Дяденька хотел опять отойти от микрофона и сесть на место, и опять Владимир Путин не отпустил его.
— Давайте говорить конкретно. Вот вы назвали только одну конкретную вещь: ВЦИОМ. Центр изучения общественного мнения был свободным, потом государство решило подмять его под себя, так как он давал не те результаты. Так?
— Да, точно! — воскликнул профессор.
— Вот вас как зовут?
— Марк.
— Марк?
— Марк.
— Марк! Но ВЦИОМ-то — государственная организация! И мы хотим, чтобы она была приватизирована. А ее сотрудники не хотят. Они хотят гарантированно получать зарплату!
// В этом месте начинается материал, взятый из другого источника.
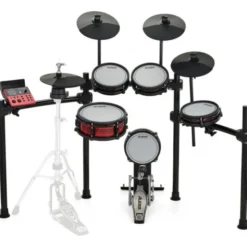 Alesis Nitro Ultimate Drum Kit Bundle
Короче говоря, Марк с головой рухнул в эту яму. Владимир Путин торжествовал. Бедный профессор выбрал не самый удачный пример. Если бы он получше знал российскую специфику, он бы мог сказать, что Россия — страна, где порой государственные организации ведут себя как частные и наоборот. Но Марк мечтал только об одном: как бы поскорее отойти от этого микрофона и больше не позориться.
Владимир Путин тут же высказался и о спецслужбах («они не должны совать свой нос в гражданское общество, но должны стоять на страже государственных интересов». Так что и здесь есть «но»), и о приватизации («от передела собственности ущерба будет еще больше, чем от самой приватизации»).
На пресс-конференции после саммита Россия — ЕС в Брюсселе 11 ноября 2002 года ничто не предвещало беды. О Калининградской области говорили мало, удовлетворенно улыбаясь. Информация Кристины оказалась верной. Господин Расмуссен, председательствовавший и на пресс-конференции, комментируя итоги саммита, неожиданно перешел к проблемам Чечни. Это не было запланировано. То есть сразу надо сказать — он первый начал. Господин Расмуссен сказал, что проблему Чечни нельзя рассматривать как чисто террористическую. У нее должно быть политическое решение, должны быть соблюдены права человека. Особо он отметил, что надо срочно доставить в Чечню гуманитарную помощь.
Владимиру Путину все это явно не могло понравиться. Но он более или менее спокойно проинформировал о том, как российская сторона видит достигнутые договоренности, сказал, что с проблемой Калининграда остались экономические вопросы (то есть до сих пор не решено, будут жители области платить за транзитные документы или не будут). «Это, — сказал российский президент, — приемлемый для нас результат».
Потом датский премьер-министр долго оправдывался, отвечая на вопрос, как он допустил проведение чеченского конгресса в Копенгагене. В вопросе были совершенно конкретные претензии: почему конгресс проводили на грант одной из правительственных организаций Дании и почему визы участникам конгресса были выданы в рекордно короткие сроки. Господин Расмуссен туманно отвечал, что по Конституции Дании правительство должно защищать свободу слова и собраний. Говорил он как-то неуверенно и все время искоса поглядывал на господина Путина. Возможно, президент России почувствовал слабость и неуверенность датчанина. В этот момент и прозвучал ответный вопрос датского — как потом выяснилось, французского — журналиста. Он спросил, зачем российские войска используют в Чечне противопехотные мины и не думает ли господин Путин, что, искореняя терроризм в Чечне, он уничтожает народ Чечни. Не об этом ли человеке как о своем в зале говорили чеченцы на улице, подумал я.